Hedging with Helen: How to Set a Budget Rate
Today, I’d like to talk to you about the use of a budget rate and how to set the budget rate.
What we see is a lot of our folks calling and asking questions [like] what would be the most appropriate budget rate for them to be using as its budget season right now? And it really depends on what’s going on with your hedge program.
So I would say, first of all, if you don’t have a hedge program, I would suggest you actually figure out what rates you could use to hedge your exposures and provide that rate because that is the rate that you could protect and you could deliver if you had a hedge program.
Is that rate the rate that you’re actually going to experience rates at next year? The answer is no. Is the rate that the banks are providing as their best forecast of the rates that you’re going to experience, the rates next year? No. They’re not any better at guessing rates than you are; otherwise, they wouldn’t be working.
So when we go to do rates, how sophisticated do we need to really be? And I think that the budget rate setting is really just kind of putting a stake in the ground from which we’re going to measure, you know, have we delivered? So the best place to measure without a hedge program is from a rate that you could hedge.
If, on the other hand, you’re hedged, and you’ve hedged the coming year, and if you’re hedged at 90% for the coming year, you should definitely be using the hedge rates that you have.

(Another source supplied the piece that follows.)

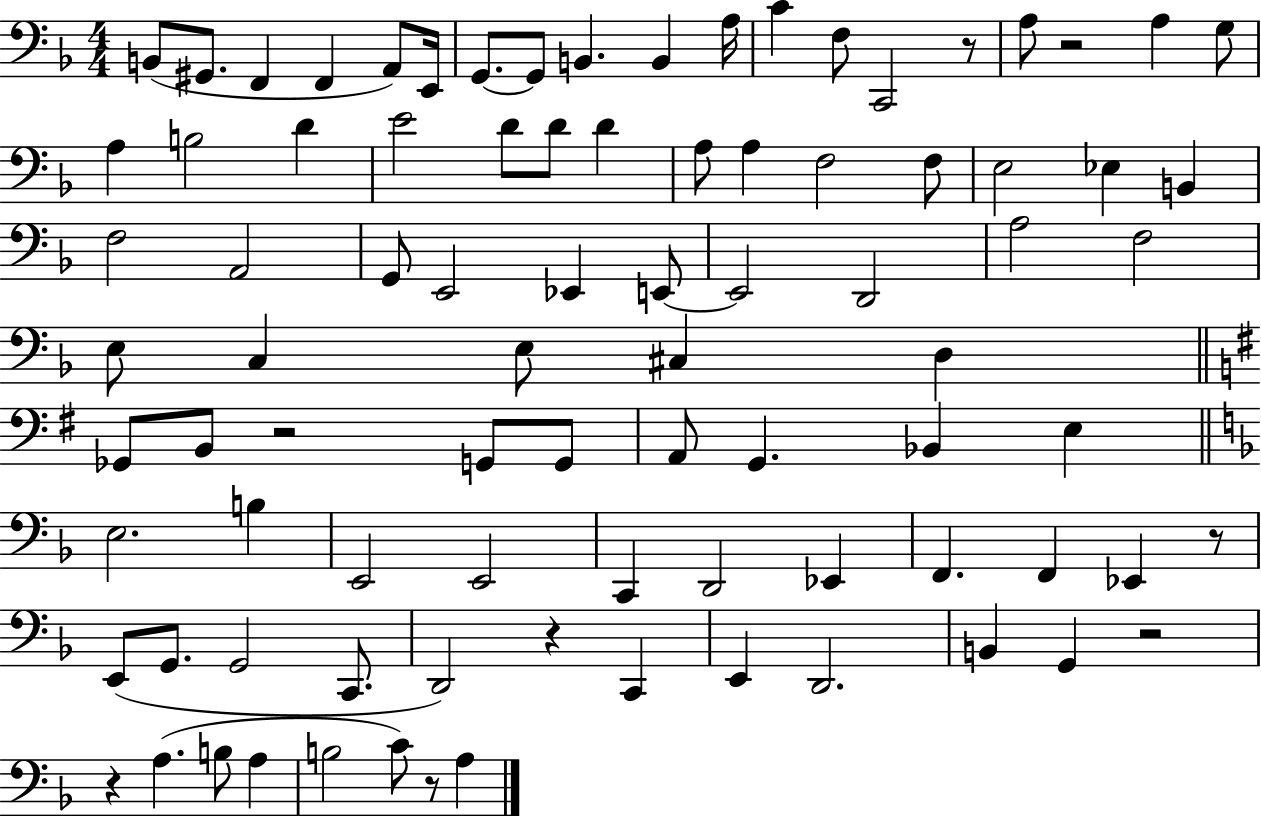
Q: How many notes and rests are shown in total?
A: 88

But let’s say you’re 50% hedged for the year. Well, what you should be doing is contemplating the hedges that you have for the notional amount that is hedged and take that against the budget and then the rest of the budget—the pieces that aren’t hedged, that you’re not using the hedge rates. What we should definitely use for that is the rates that we could lock in now to hedge for that period.

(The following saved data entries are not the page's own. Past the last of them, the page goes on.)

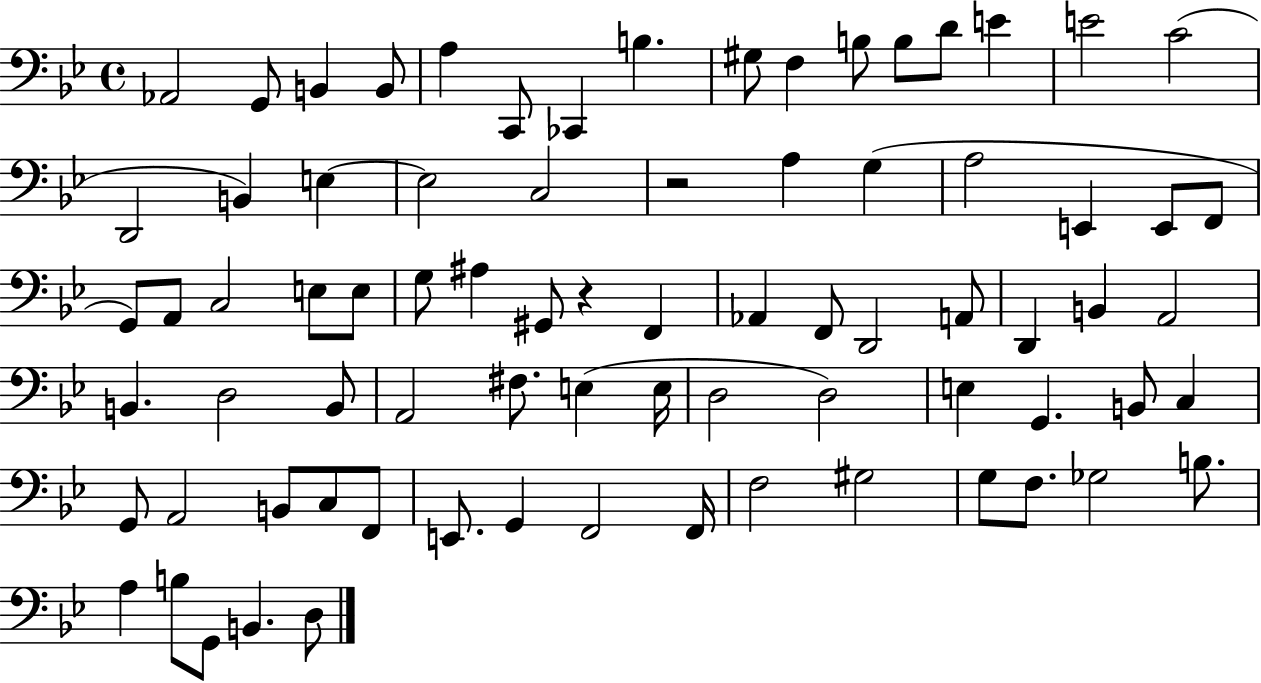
Ab2/h G2/e B2/q B2/e A3/q C2/e CES2/q B3/q. G#3/e F3/q B3/e B3/e D4/e E4/q E4/h C4/h D2/h B2/q E3/q E3/h C3/h R/h A3/q G3/q A3/h E2/q E2/e F2/e G2/e A2/e C3/h E3/e E3/e G3/e A#3/q G#2/e R/q F2/q Ab2/q F2/e D2/h A2/e D2/q B2/q A2/h B2/q. D3/h B2/e A2/h F#3/e. E3/q E3/s D3/h D3/h E3/q G2/q. B2/e C3/q G2/e A2/h B2/e C3/e F2/e E2/e. G2/q F2/h F2/s F3/h G#3/h G3/e F3/e. Gb3/h B3/e. A3/q B3/e G2/e B2/q. D3/e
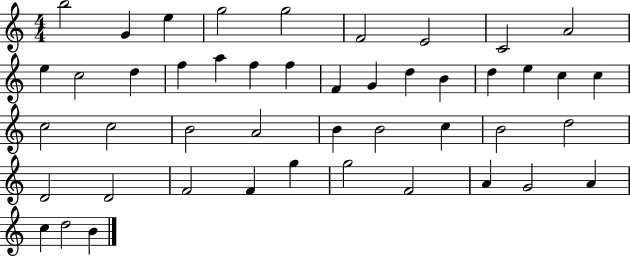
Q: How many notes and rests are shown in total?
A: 46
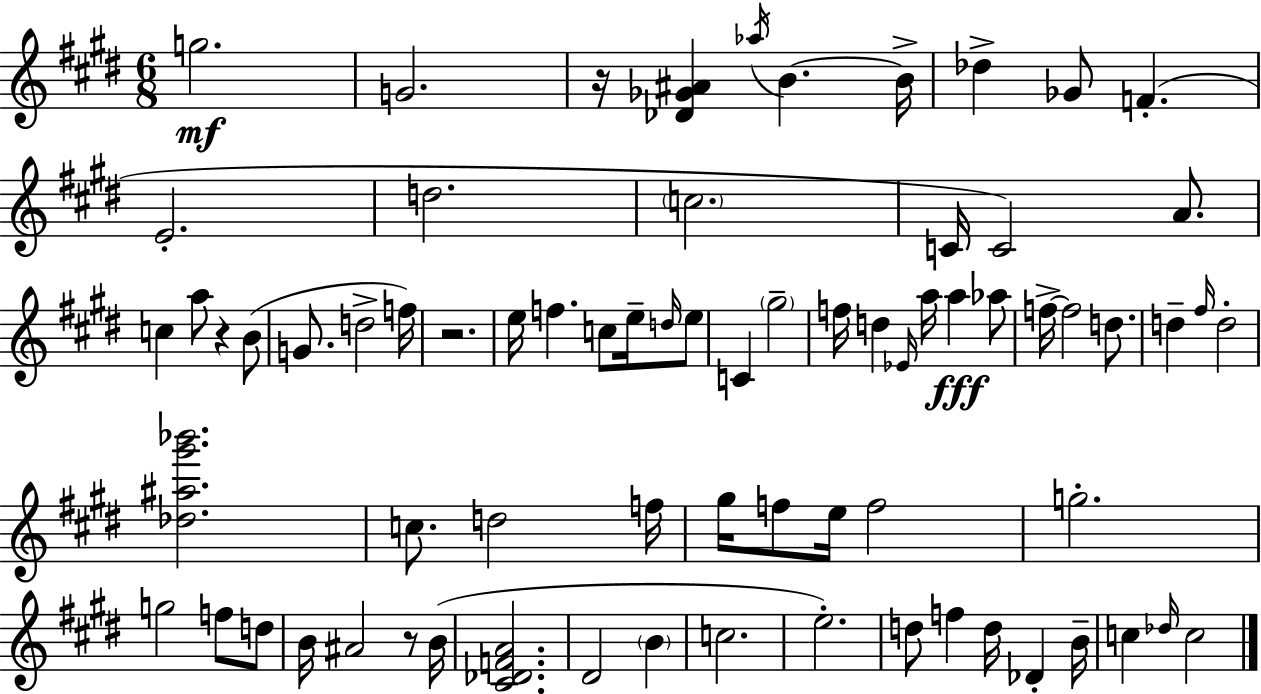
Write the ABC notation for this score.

X:1
T:Untitled
M:6/8
L:1/4
K:E
g2 G2 z/4 [_D_G^A] _a/4 B B/4 _d _G/2 F E2 d2 c2 C/4 C2 A/2 c a/2 z B/2 G/2 d2 f/4 z2 e/4 f c/2 e/4 d/4 e/2 C ^g2 f/4 d _E/4 a/4 a _a/2 f/4 f2 d/2 d ^f/4 d2 [_d^a^g'_b']2 c/2 d2 f/4 ^g/4 f/2 e/4 f2 g2 g2 f/2 d/2 B/4 ^A2 z/2 B/4 [^C_DFA]2 ^D2 B c2 e2 d/2 f d/4 _D B/4 c _d/4 c2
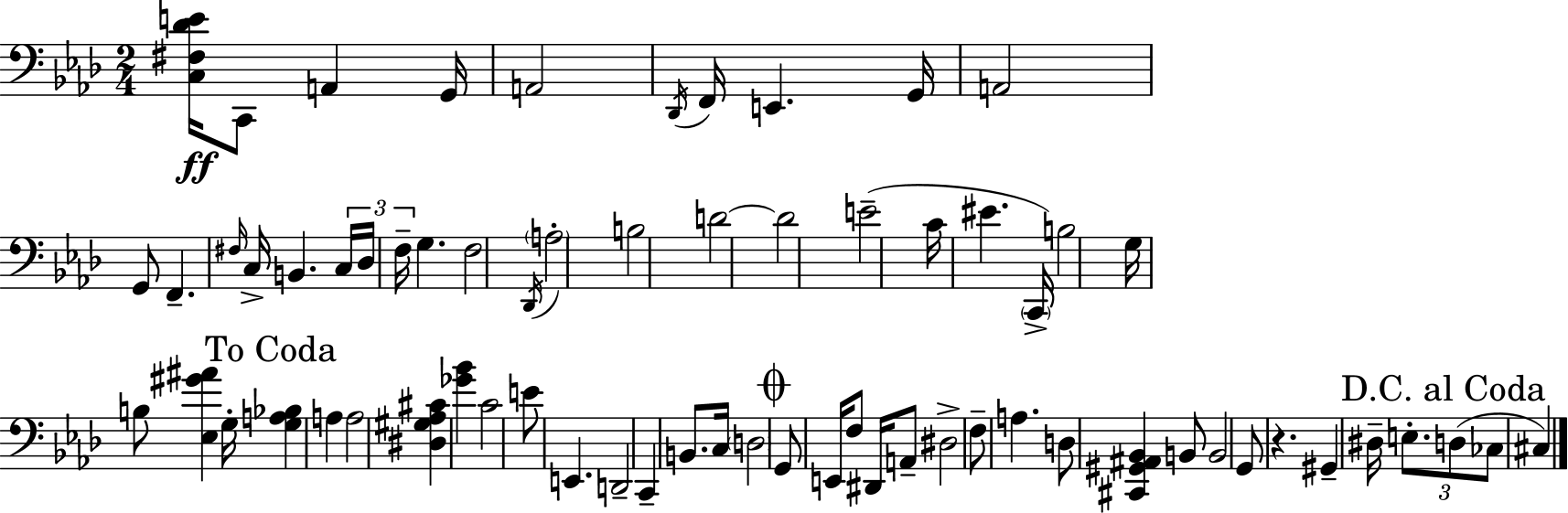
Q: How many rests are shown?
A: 1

Again, that gives us, you know, had we been fully hedged, what the rate could have been because we’re partially hedged. Those numbers are baked in. Hopefully, they’re baked into the appropriate period. If you’re a company that has most of your hedges associated with the first quarter and almost nothing in the fourth quarter, then hopefully you have a budget rate that’s applicable to the first quarter. And we’re not trying to use all the locked in hedges for Q1 to inform the rate that we’re using for Q4.
So use the hedges that you’ve got and, if you don’t have hedges, use the hedges that you could have to lock in the rates.
It Makes Me Crazy…
What makes me crazy is when companies have hedges and those hedges are not used or factored into the results that FP&A is delivering to management on where we’re going to land.
If you have a hedge program and it is totally independent of everything that FP&A is doing, then you probably don’t have a very effective hedge program. It’s not informing management, it’s not contributing at all. Hopefully, at least you’re protecting margins, and if you’re not protecting margins, you’re just building your resume.
I think it is critical that your hedge program be deeply entwined with FP&A.
The numbers, the values that they’re delivering to management about where we’re going to be coming in for this quarter, next quarter, the coming year. And if you don’t, then you need to revisit whether you’re hedge program is delivering any value to your corporation.